PROBLEM DETAILS:
Once the line holding "66 Tobey Road Property Photo 38" appears, repeat it and each line after it to the end of the data, exactly and with nothing else; pictures stay out.

*** Opening of DATA ***

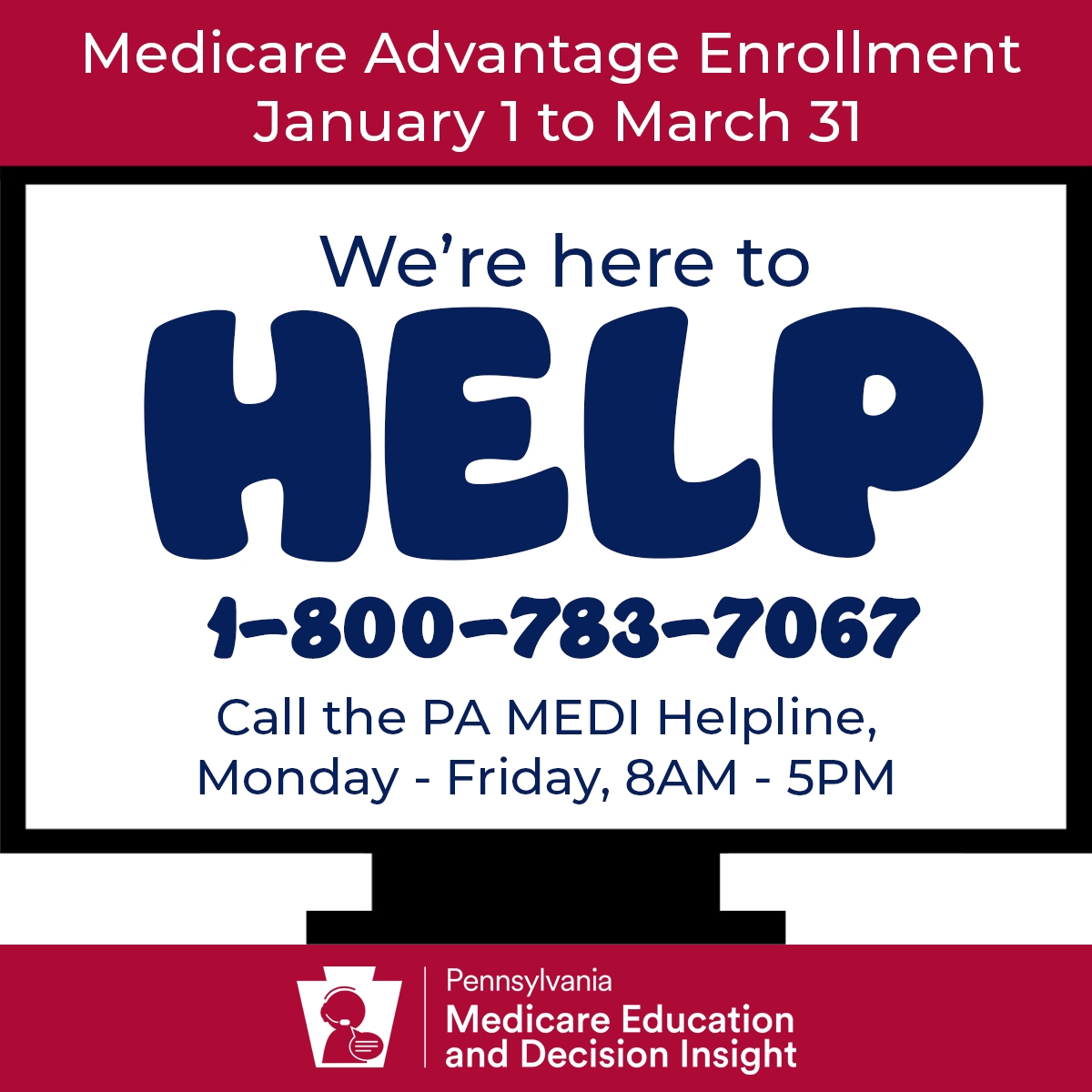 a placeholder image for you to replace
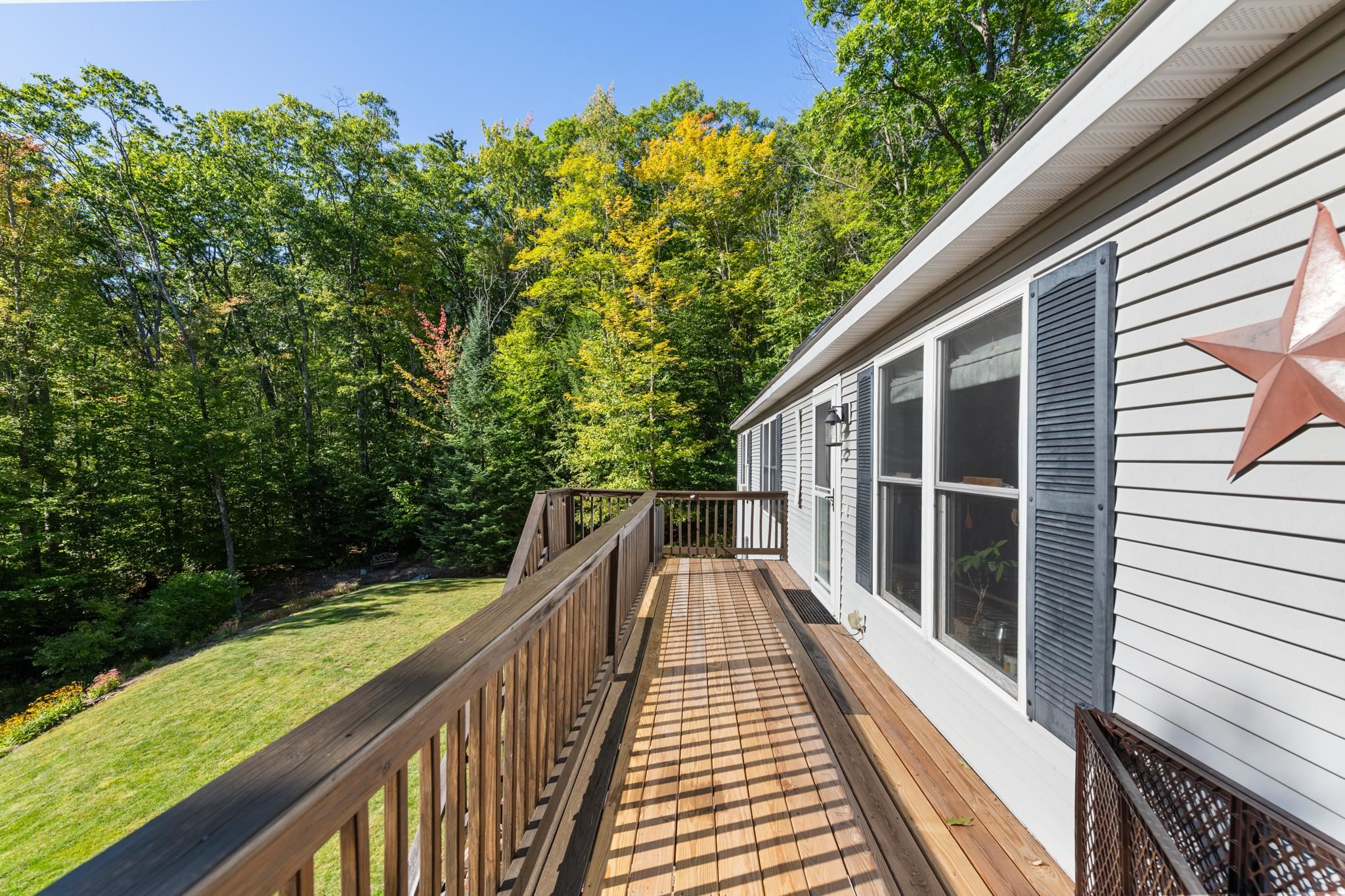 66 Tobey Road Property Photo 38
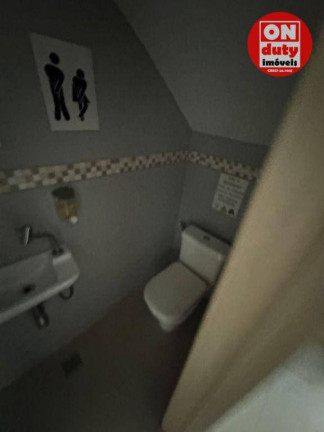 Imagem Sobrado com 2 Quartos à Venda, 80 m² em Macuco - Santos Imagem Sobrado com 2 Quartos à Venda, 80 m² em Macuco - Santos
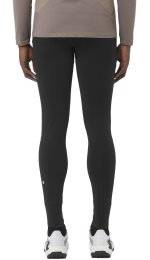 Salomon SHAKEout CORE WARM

*** Close of DATA ***

ANSWER SPACE:
 66 Tobey Road Property Photo 38
 Imagem Sobrado com 2 Quartos à Venda, 80 m² em Macuco - Santos Imagem Sobrado com 2 Quartos à Venda, 80 m² em Macuco - Santos
 Salomon SHAKEout CORE WARM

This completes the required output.